Five hippies pitch their tent in the grounds of a young aristocrat’s estate. He befriends the group and accepts their offer to paint his house while he is away. To make money the group use the grounds to stage a pop festival.
An unusual mixture of pop festival documentary and saucy teen comedy, Bread was exploitation filmmaker Stanley A. Long’s second attempt at what he called a “counter culture gimmick movie”. His first, Groupie Girl (1970), produced by Long, was based upon the real-life exploits of the film’s co-writer, Suzanne Mercer. Her encounters with rock musicians, as salaciously filtered through the distinctively seedy vision of director Derek Ford, had given Groupie Girl the grimy ring of truth, and the film made a lot of money. Unfortunately, despite its title – contemporary slang for cash – the more light-hearted Bread did not.
Tired of arguments with the censors, Long had curtailed his uneasy filmmaking partnership with Ford after Groupie Girl. Bread marked his directorial debut. Suzanne Mercer was back on board as scriptwriter (she was married to the saxophone player in Juicy Lucy, hence securing their performance for the film), but the seedy downbeat authenticity of its predecessor was gone. Bread was released in mid-1971 with a running time of approximately 79 minutes; even before the year ended prints had been pruned down to a double-bill-friendly 62. “I’m not entirely sure I knew what the hell I was making,” Long later admitted. “The distributors promoted it as a sex film, which it really wasn’t, and my first attempt at directing took some time to turn a decent profit at the box-office.” In retrospect, it’s not hard to see why.

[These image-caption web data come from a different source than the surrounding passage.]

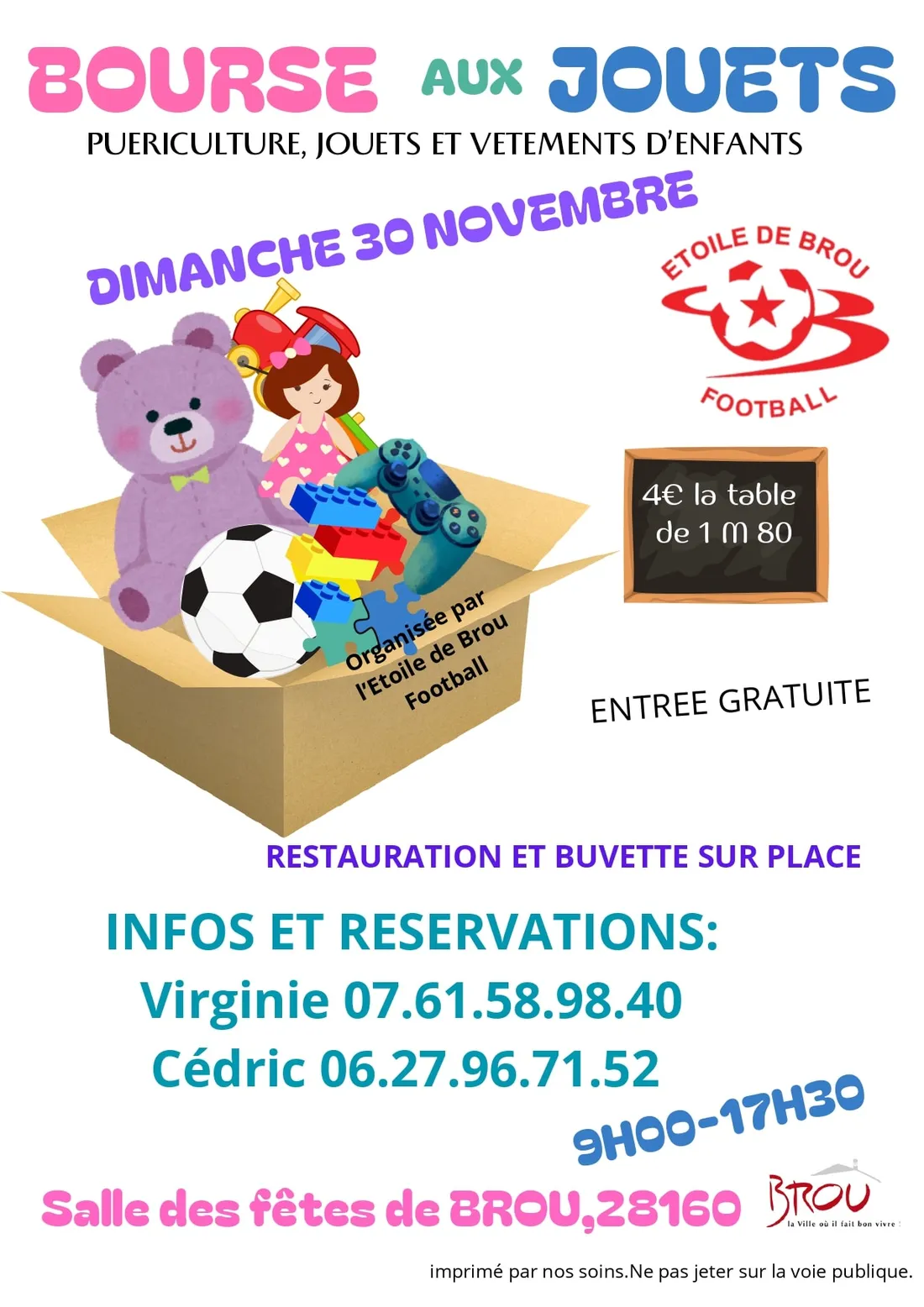 BROU - Bourse aux jouets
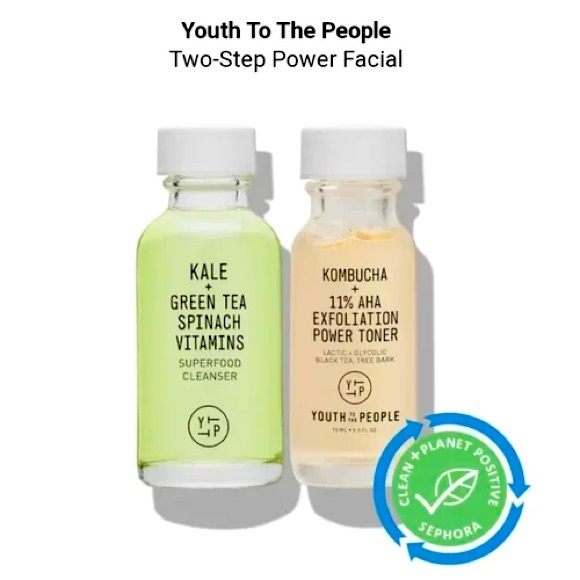 Youth To The People Two-Step Power Facial - Picture 1 of 4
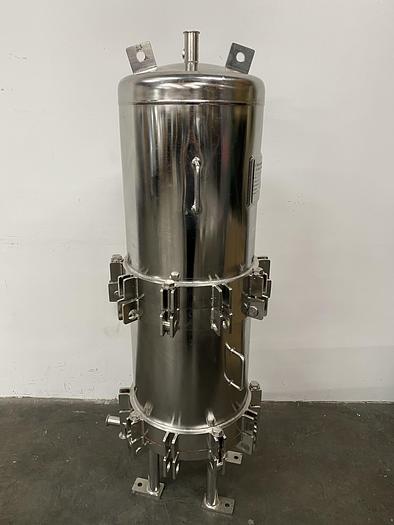 Used CUNO 16ZPB 16" Stainless Steel Cartridge Filter Housing 150 PSI @ 300 °F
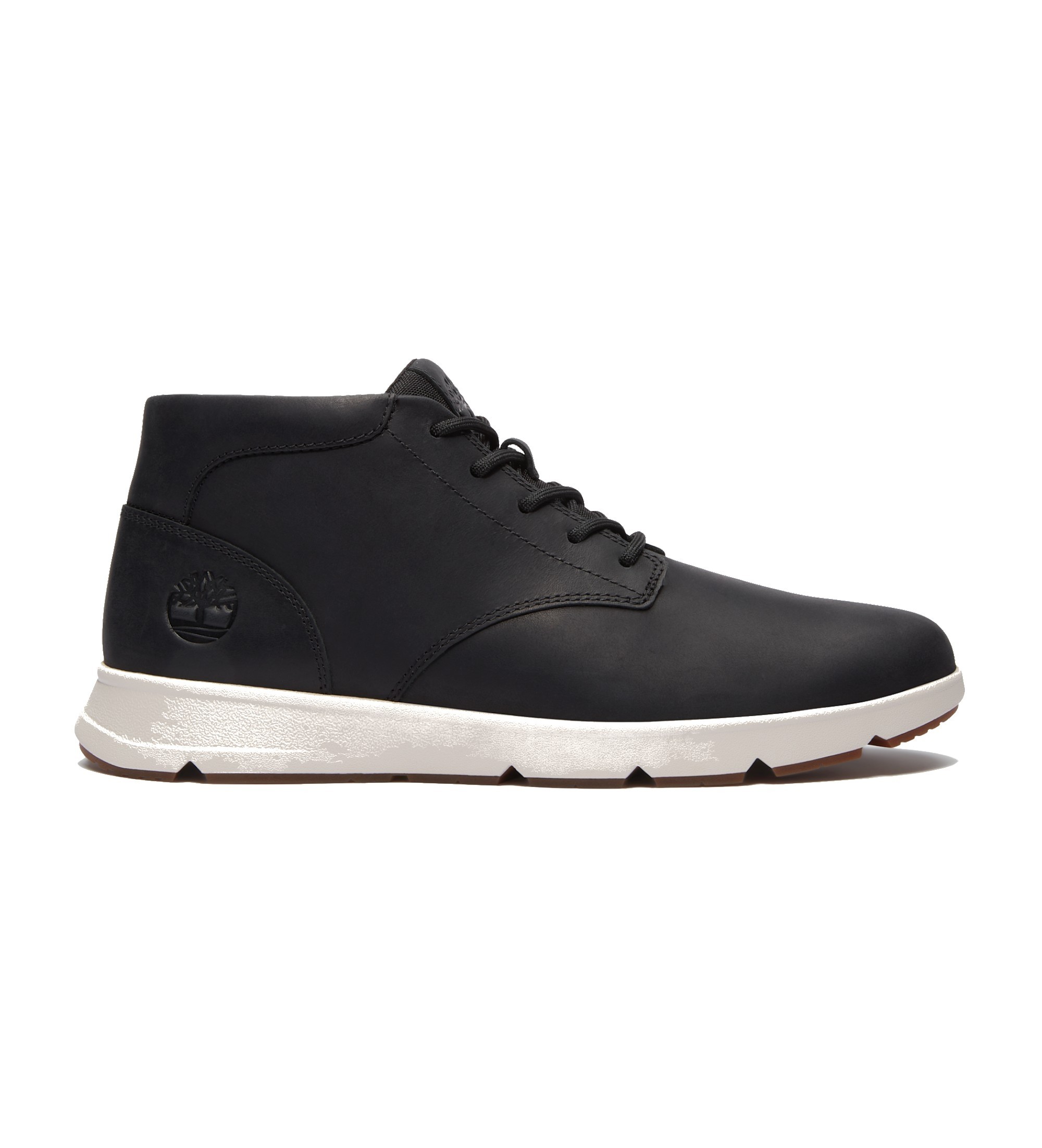 Timberland für Herren. TB0A6C7TW021 Parker Street Sneakers schwarz (43), Leder, Wohnung, Schnürsenkel, Lässig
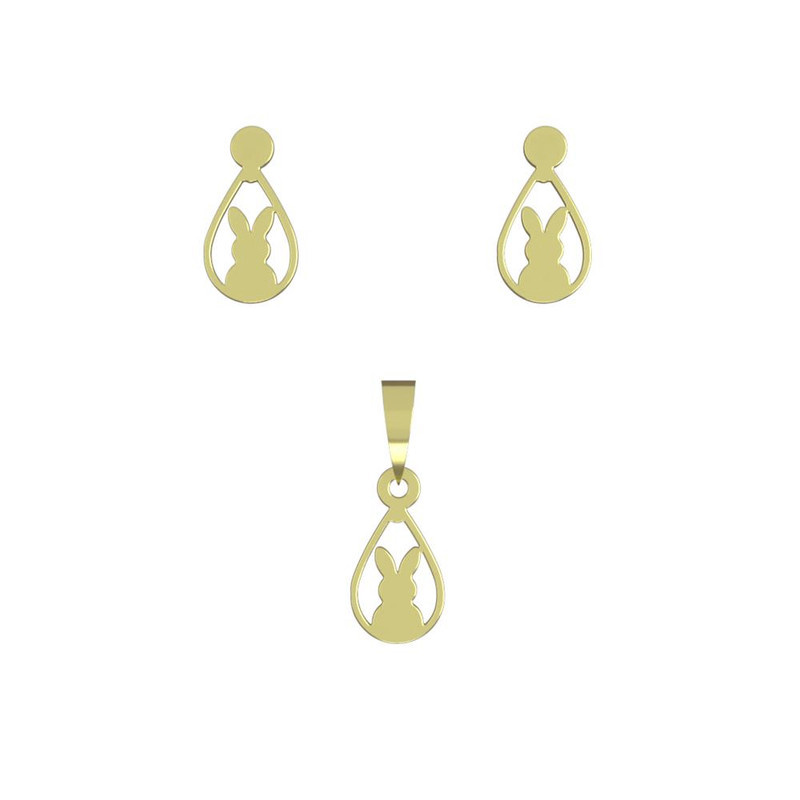 نیم ست طلا 18 عیار زنانه مدوپد مدل خرگوش کد NA10702 نیم ست طلا 18 عیار زنانه مدوپد مدل خرگوش کد NA10702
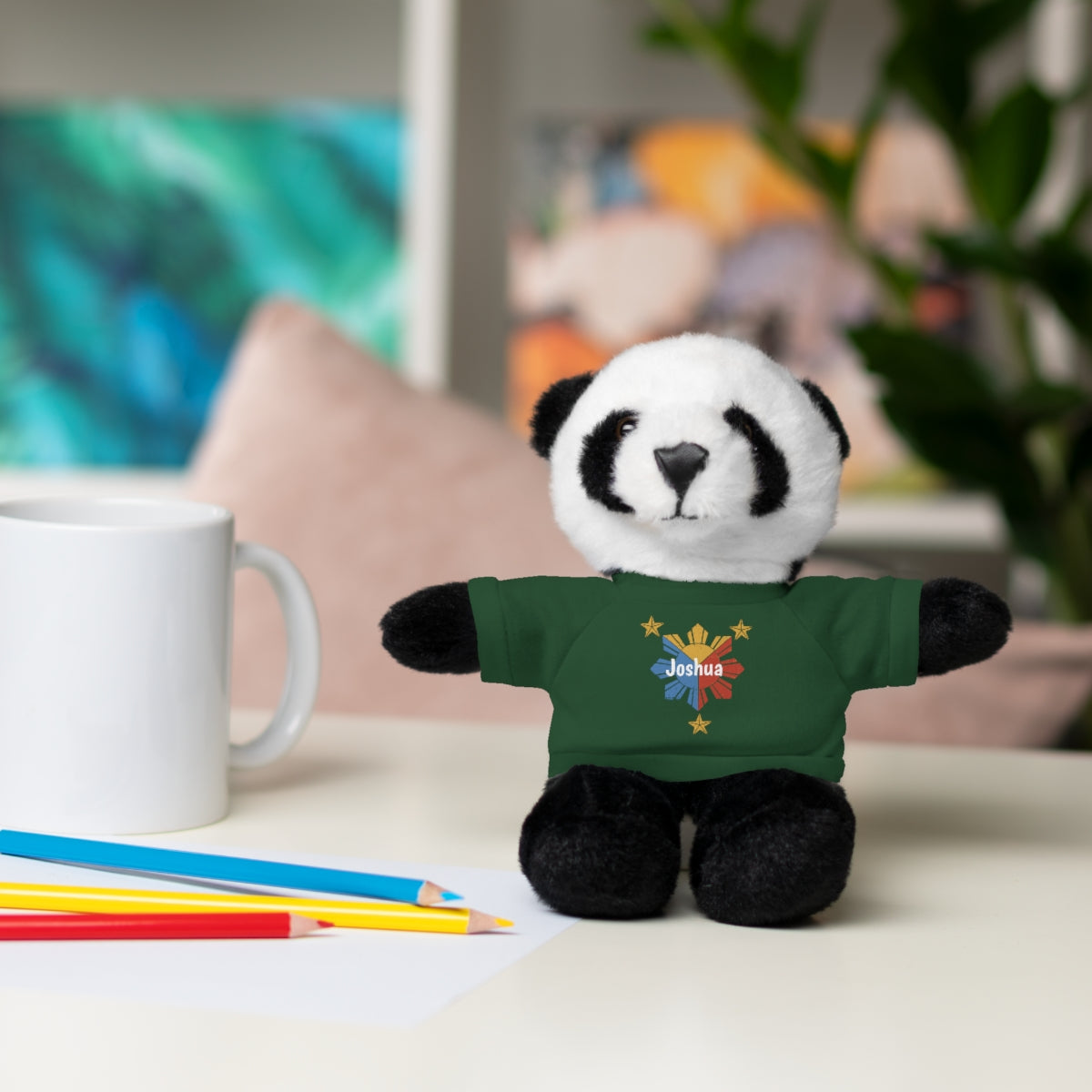 Personalized Filipino Stuffed Animal Toy with Tee | Philippine Star and Sun | Gift for kids and adults | Holiday Gifting idea
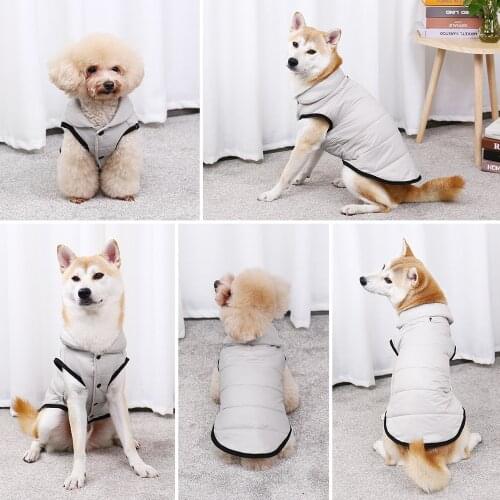 M-5XL Pet Dog Clothes Light Cotton Clothing Winter Warm Pet Jacket for Small Medium Large Dogs Puppy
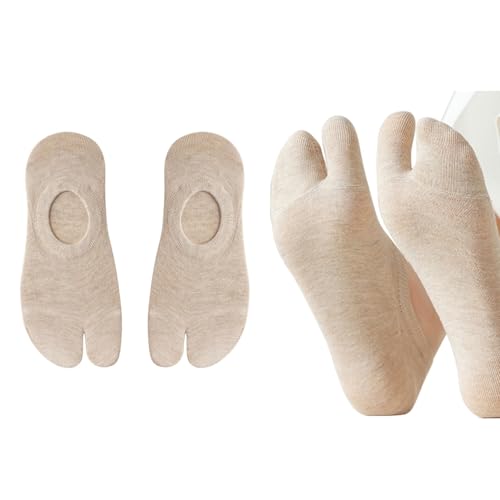 Image of Flip Flop Tabi Socks Split 2 Toe No Show Low Cut Socks Cotton Big Toe Ankle Japanese Style Sock 2 Pairs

Bread is too strange and erratic an amalgam of different film genres to really succeed. There’s not enough sex to make it a sex film; not enough music to make it a music film; and none of the sleazy drama that would move it into Groupie Girl territory. What there is in abundance is mild, cheeky comedy. With bulging tents, sexy ladies, a humorous, dim-witted bicycle-riding policeman, a smattering of very literal toilet gags and boxes and boxes of ‘BIG-UN’ sausage rolls, Bread emerges from the Carry On tradition, and foreshadows Long’s later Adventures series of saucy comedies. In this early accidental prototype, however, the balance is not right and the humour doesn’t quite work. The groovy cast do their best to appear naughty, but it ends up much as Today’s Cinema critic Marjorie Bilbow concluded: “far too recognisably a Cliff Richard musical with nudes and swearing”. Nonetheless, its cheerfully strange fusion of styles and genres make it entertaining and strangely compelling.
Extras: Mute outtakes (more nudity) and a rather amusing safe sex ed feature called Ave You Got a Male Assistant Please Miss?. While it starts out in a groaning manner by going over the statistics of unwanted pregnancies and abortions it gets a little better once its male protagonist goes on a quest for a condom. It runs over 4-minutes and has been decently restored as well.